> **PROBLEM DETAILS**: When you reach the line that contains "Details for (W)" in the data below, start reproducing lines exactly, and stop after the line that contains "Perfect Petzzz 96309".

-------- MATERIAL PROVIDED

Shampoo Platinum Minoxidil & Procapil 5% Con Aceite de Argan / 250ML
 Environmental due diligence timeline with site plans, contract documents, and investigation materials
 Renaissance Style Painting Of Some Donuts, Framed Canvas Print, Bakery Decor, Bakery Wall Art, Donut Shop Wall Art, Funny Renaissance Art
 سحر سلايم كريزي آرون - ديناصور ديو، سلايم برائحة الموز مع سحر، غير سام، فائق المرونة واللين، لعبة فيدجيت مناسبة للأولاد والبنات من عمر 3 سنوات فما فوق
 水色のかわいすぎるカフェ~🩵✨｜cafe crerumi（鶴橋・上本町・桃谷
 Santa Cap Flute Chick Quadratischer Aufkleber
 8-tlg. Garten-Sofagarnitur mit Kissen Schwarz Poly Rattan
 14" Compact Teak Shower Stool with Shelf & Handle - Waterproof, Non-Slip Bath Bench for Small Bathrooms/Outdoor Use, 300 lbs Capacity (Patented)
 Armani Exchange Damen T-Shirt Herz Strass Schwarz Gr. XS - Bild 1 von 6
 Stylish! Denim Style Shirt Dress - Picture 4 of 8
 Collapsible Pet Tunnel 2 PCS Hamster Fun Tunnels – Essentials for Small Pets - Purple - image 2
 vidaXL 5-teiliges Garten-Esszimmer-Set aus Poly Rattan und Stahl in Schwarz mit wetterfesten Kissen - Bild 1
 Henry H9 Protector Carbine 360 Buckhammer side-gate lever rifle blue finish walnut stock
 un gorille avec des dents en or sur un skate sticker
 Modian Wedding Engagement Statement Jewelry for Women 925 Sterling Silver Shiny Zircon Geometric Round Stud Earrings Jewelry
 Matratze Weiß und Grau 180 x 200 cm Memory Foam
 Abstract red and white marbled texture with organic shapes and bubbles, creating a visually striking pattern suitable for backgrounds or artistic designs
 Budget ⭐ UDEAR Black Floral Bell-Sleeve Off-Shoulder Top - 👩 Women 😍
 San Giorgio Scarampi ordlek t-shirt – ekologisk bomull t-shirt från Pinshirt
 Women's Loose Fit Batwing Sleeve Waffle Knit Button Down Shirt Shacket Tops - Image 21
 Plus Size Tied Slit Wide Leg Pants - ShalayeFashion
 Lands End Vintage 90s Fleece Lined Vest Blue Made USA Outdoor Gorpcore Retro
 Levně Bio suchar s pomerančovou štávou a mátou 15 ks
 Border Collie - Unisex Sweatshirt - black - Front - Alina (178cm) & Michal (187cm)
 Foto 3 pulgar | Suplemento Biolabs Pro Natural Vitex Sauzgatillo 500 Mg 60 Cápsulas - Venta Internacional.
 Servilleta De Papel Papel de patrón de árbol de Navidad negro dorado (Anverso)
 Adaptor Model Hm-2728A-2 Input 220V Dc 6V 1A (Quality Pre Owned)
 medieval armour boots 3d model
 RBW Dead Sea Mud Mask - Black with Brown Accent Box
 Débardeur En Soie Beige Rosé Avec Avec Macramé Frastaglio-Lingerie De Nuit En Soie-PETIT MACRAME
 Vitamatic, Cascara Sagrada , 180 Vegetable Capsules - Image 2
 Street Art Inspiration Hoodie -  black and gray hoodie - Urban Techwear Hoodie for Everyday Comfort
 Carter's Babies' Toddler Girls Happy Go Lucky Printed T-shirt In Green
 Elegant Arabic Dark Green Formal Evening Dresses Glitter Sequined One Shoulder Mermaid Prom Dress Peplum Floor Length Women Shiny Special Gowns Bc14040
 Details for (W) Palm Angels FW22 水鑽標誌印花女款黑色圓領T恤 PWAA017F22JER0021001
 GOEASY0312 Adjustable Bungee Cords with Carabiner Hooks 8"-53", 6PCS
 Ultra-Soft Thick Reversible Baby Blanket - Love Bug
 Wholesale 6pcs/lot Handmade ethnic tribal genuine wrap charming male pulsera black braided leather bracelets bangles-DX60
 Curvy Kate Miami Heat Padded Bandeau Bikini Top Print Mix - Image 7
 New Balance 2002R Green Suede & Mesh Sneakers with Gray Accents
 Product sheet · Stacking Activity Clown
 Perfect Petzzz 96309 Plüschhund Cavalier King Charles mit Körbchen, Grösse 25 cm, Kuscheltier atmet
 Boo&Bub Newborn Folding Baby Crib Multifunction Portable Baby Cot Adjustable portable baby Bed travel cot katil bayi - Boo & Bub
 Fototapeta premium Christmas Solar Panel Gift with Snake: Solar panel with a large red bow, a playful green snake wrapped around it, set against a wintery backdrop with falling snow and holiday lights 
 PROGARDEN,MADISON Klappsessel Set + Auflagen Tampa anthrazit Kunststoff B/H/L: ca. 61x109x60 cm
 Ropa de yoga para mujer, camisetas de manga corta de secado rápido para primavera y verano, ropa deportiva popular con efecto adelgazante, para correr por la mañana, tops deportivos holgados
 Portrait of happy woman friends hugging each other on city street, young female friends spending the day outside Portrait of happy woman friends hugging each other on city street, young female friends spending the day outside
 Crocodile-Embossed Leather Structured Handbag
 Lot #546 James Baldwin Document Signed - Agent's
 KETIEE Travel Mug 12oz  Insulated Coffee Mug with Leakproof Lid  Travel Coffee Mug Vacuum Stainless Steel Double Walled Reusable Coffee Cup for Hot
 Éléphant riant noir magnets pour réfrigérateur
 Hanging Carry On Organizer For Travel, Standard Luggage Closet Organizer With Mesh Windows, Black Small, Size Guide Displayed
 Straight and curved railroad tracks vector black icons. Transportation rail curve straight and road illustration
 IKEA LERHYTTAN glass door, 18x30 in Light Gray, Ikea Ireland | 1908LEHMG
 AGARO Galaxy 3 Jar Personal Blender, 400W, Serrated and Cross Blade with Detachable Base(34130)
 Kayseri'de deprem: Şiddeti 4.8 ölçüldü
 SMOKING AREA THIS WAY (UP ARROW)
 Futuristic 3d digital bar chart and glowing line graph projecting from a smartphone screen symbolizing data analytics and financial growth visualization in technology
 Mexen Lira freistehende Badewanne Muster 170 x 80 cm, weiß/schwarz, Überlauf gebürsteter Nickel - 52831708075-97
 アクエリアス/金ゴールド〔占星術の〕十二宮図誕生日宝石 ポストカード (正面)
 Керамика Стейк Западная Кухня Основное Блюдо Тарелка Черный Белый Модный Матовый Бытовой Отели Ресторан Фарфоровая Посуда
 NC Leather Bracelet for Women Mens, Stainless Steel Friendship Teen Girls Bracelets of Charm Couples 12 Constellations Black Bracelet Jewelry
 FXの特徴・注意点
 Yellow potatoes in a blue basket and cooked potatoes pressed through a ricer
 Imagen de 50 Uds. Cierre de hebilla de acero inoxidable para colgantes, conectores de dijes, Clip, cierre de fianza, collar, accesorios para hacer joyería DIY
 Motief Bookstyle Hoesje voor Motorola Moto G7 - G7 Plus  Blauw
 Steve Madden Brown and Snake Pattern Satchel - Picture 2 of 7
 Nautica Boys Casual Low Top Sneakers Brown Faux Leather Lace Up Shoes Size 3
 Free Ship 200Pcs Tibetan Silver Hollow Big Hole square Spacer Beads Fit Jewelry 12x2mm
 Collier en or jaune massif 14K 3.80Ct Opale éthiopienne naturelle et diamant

----------------

> **WORKED SOLUTION**:
 Details for (W) Palm Angels FW22 水鑽標誌印花女款黑色圓領T恤 PWAA017F22JER0021001
 GOEASY0312 Adjustable Bungee Cords with Carabiner Hooks 8"-53", 6PCS
 Ultra-Soft Thick Reversible Baby Blanket - Love Bug
 Wholesale 6pcs/lot Handmade ethnic tribal genuine wrap charming male pulsera black braided leather bracelets bangles-DX60
 Curvy Kate Miami Heat Padded Bandeau Bikini Top Print Mix - Image 7
 New Balance 2002R Green Suede & Mesh Sneakers with Gray Accents
 Product sheet · Stacking Activity Clown
 Perfect Petzzz 96309 Plüschhund Cavalier King Charles mit Körbchen, Grösse 25 cm, Kuscheltier atmet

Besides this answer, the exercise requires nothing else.